+++ Extracted material

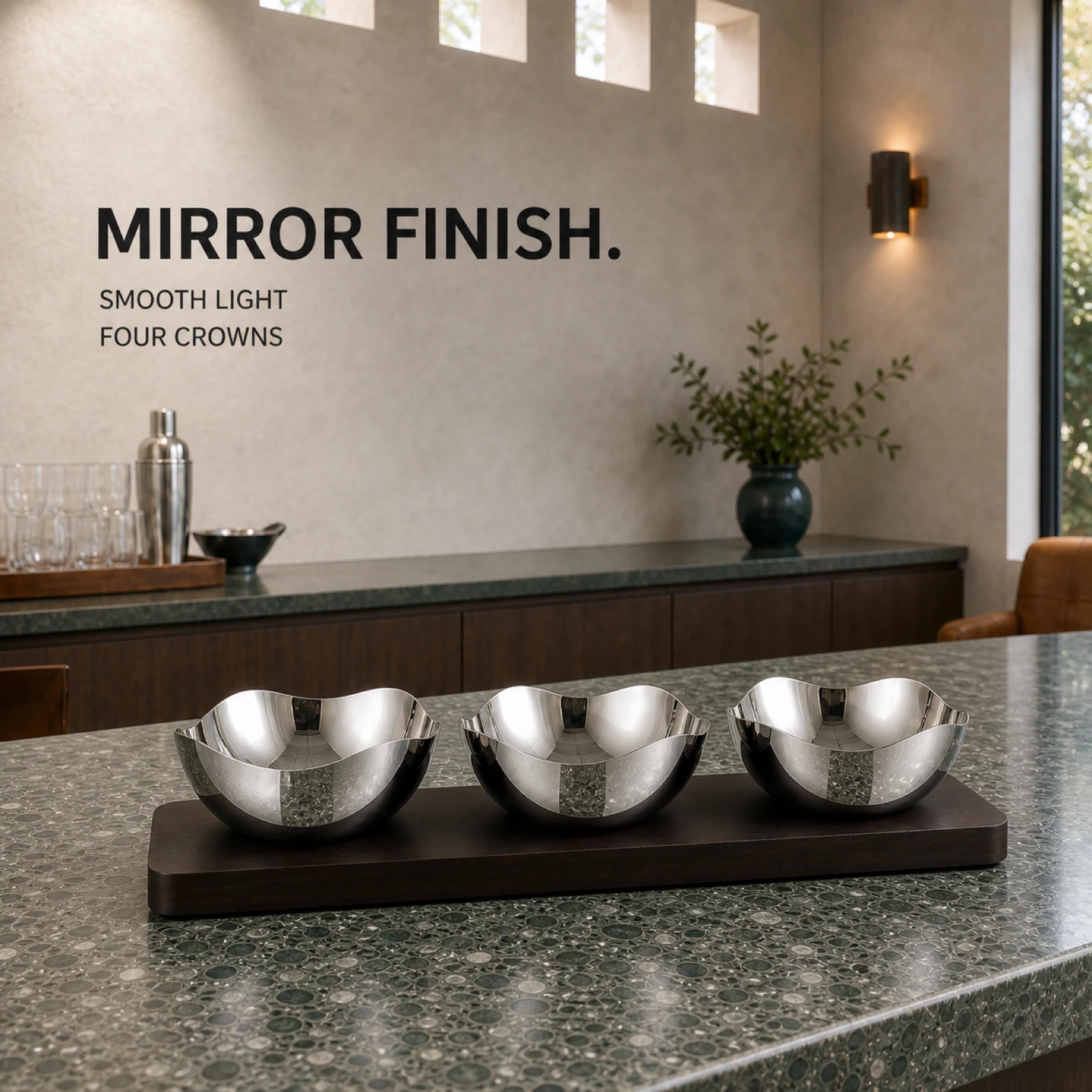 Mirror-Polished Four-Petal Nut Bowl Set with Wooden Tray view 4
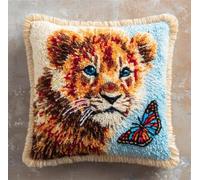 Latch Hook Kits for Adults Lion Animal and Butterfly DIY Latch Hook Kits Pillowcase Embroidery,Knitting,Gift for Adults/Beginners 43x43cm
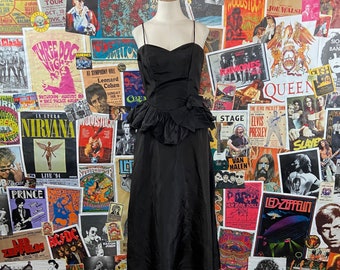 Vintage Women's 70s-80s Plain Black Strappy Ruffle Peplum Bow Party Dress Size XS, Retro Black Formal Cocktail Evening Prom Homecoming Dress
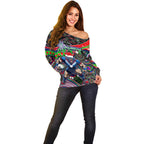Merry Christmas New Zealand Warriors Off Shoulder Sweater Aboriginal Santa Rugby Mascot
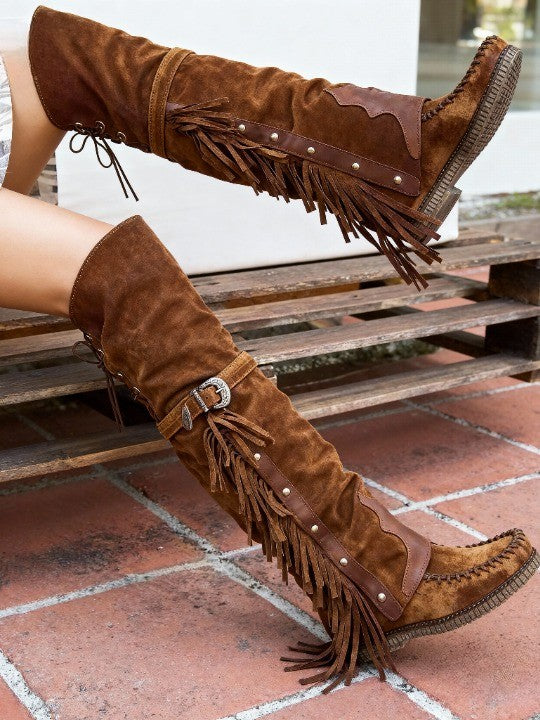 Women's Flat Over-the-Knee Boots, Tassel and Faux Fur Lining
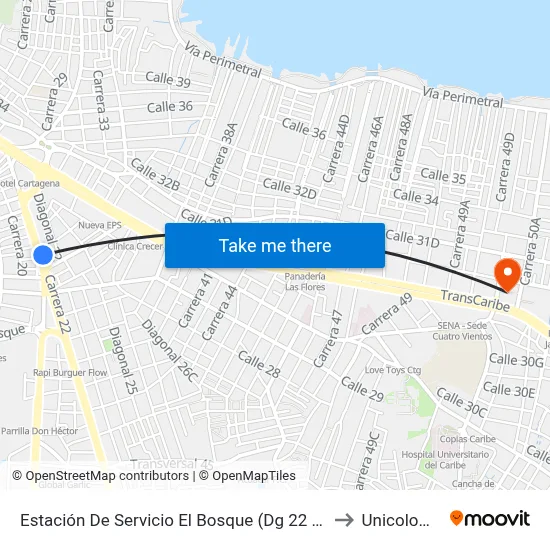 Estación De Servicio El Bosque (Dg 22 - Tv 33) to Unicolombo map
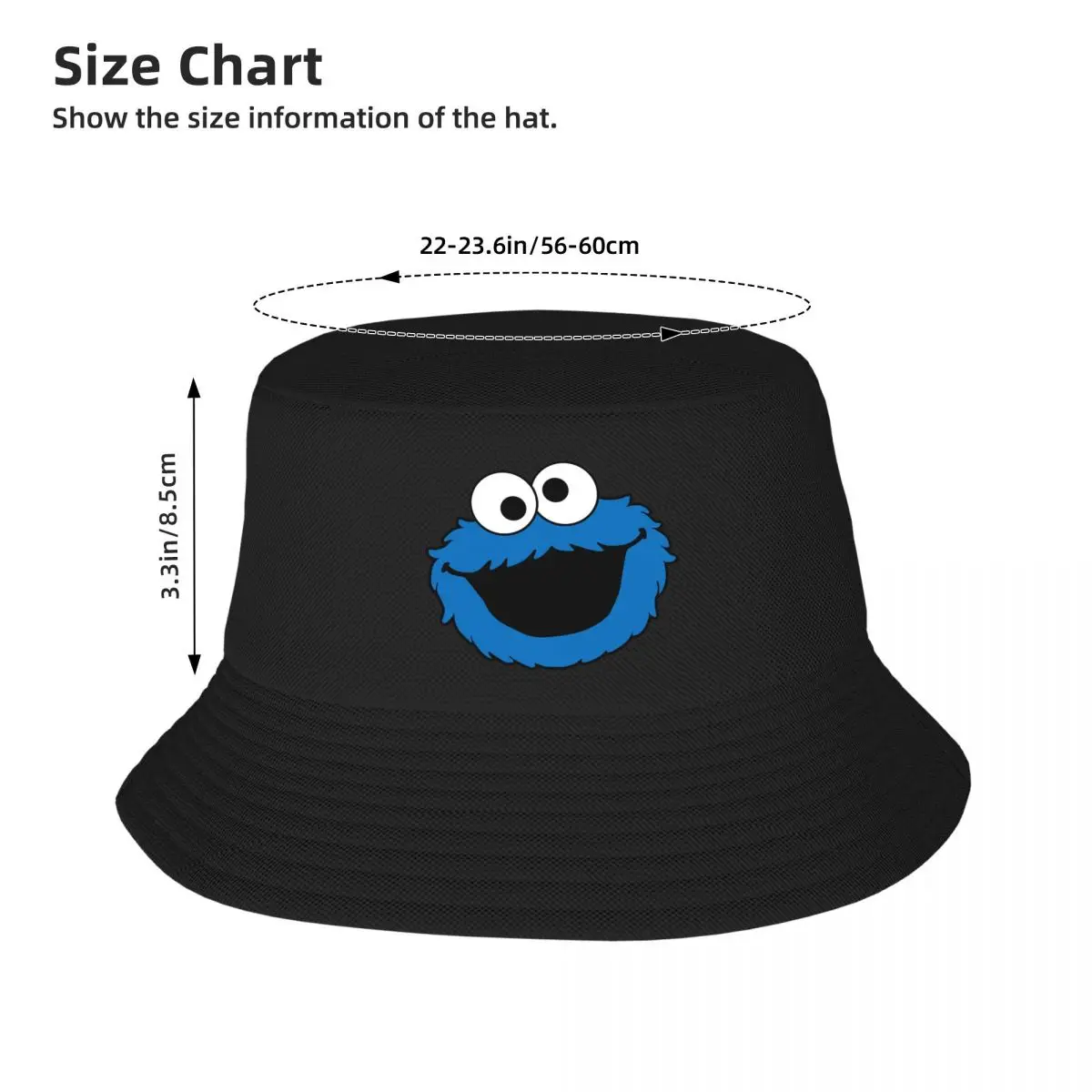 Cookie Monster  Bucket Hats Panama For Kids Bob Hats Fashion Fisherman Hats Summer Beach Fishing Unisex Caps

++++++
+++ Extracted material

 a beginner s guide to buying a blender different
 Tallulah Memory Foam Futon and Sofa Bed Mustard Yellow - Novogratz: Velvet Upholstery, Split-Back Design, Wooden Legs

++++++

Exercise description »
Using the data above, output the line that has "Merry Christmas New", the line that has "Fishing Unisex Caps", and whatever lines fall between, each exactly as it stands and without pictures.

Answer to this exercise »
Merry Christmas New Zealand Warriors Off Shoulder Sweater Aboriginal Santa Rugby Mascot
 Women's Flat Over-the-Knee Boots, Tassel and Faux Fur Lining
 Estación De Servicio El Bosque (Dg 22 - Tv 33) to Unicolombo map
 Cookie Monster  Bucket Hats Panama For Kids Bob Hats Fashion Fisherman Hats Summer Beach Fishing Unisex Caps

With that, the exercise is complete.